CONSISTENT WAY - Europäische Wege für einen erfolgreichen Übergang zwischen Schule, Ausbildung und Beruf – Chancen und Möglichkeiten für die Befähigung junger Menschen

Am 01. September 2014 erhielt die Stadt Gera-Dezernat Soziales als koordinierende Einrichtung im Projekt den Zuschlag von der deutschen Nationalagentur PAD (Pädagogischen Austauschdienst) des europäischen Programms ERASMUS * für das transnationale Projekt :

“CONSISTENT WAY - European strategies for successful transitions between school, vocational training and job – chances and possibilities to empower young people”

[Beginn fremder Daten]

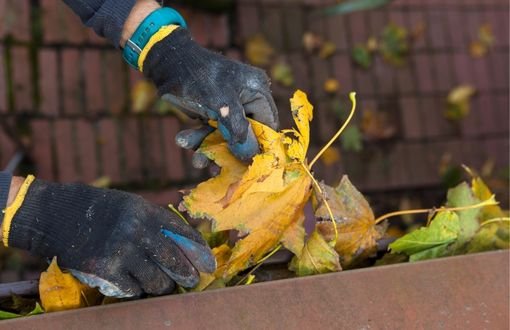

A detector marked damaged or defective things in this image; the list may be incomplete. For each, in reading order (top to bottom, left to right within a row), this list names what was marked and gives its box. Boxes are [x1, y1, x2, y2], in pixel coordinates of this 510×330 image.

rusted metal surface [1, 251, 508, 328]
rusty metal gutter [1, 250, 508, 330]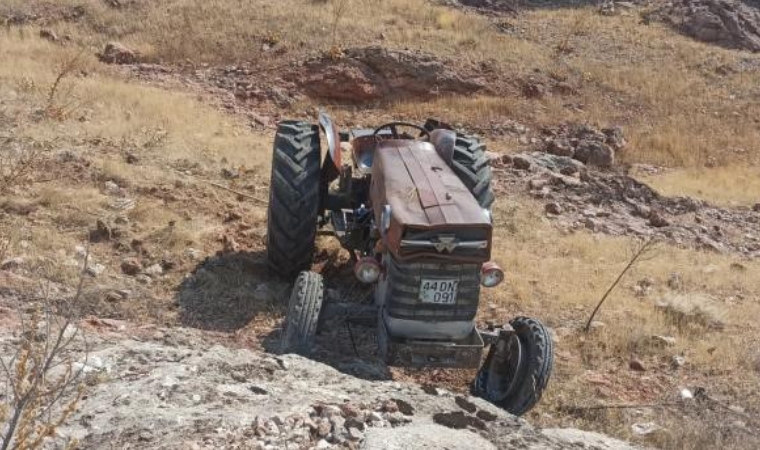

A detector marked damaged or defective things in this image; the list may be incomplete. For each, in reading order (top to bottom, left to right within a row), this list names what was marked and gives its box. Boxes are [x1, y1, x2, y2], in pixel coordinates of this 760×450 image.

(Europäische Wege für einen erfolgreichen Übergang zwischen Schule, Ausbildung und Beruf – Chancen und Möglichkeiten für die Befähigung junger Menschen). Beteiligt am Projekt sind für den Zeitraum vom 01. September 2014-31.08.2017 10 Partner aus 5 europäischen Ländern.

Beteiligte Einrichtungen

Obwohl es für junge Menschen in Europa vielfältige Unterstützungsangebote gibt, stellt die hohe Zahl der Schul- und Ausbildungsabbrecher eine konstante Herausforderung dar.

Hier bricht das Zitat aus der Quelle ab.